Die Brücke wurde Anfang Juni komplett für den Verkehr gesperrt, was zu großen Zeitverlusten für Pendler und die Wirtschaft führt. Laut Autobahn GmbH hatten Überprüfungen der Friedrich-Ebert-Brücke strukturelle Schäden an dem Tragwerk gezeigt. Bereits umgesetzte Maßnahmen wie ein Fahrverbot für Lkw über 7,5 Tonnen hätten nicht ausgereicht, um weitere Schäden zu verhindern. 

Vollkatastrophe

Für die Region wurde die Sperrung zum großen Problem - der ADAC sprach von einer „Vollkatastrophe“. Viele Autofahrer würden in den Kölner Raum ausweichen und dort das ohnehin schon am Limit laufende Verkehrssystem belasten.
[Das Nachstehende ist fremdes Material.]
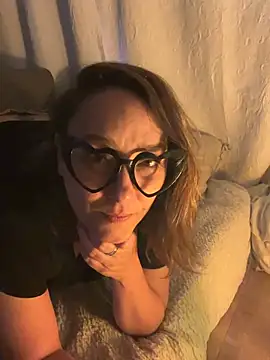 Snapshot of Reine_du_Vice84 chatting on January 11, 2026, 4:03 pm Reine du Vice84 online show from January 11, 2026, 4:03 pm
Auch die Wirtschaft zeigte sich extrem besorgt. „Die Rheinbrücken sind die Lebensadern unserer Region“, erklärte die IHK Bonn/Rhein-Sieg.

In Bonn ballte sich seit der plötzlichen Sperrung der Verkehr. Die Stadt kündigte verschiedene Sofortmaßnahmen an, um die Situation zu entlasten. Unter anderem führte sie vorübergehend kostenlosen öffentlichen Personennahverkehr ein, um mehr Menschen zum Umstieg vom Auto auf Bus und Bahn zu bewegen.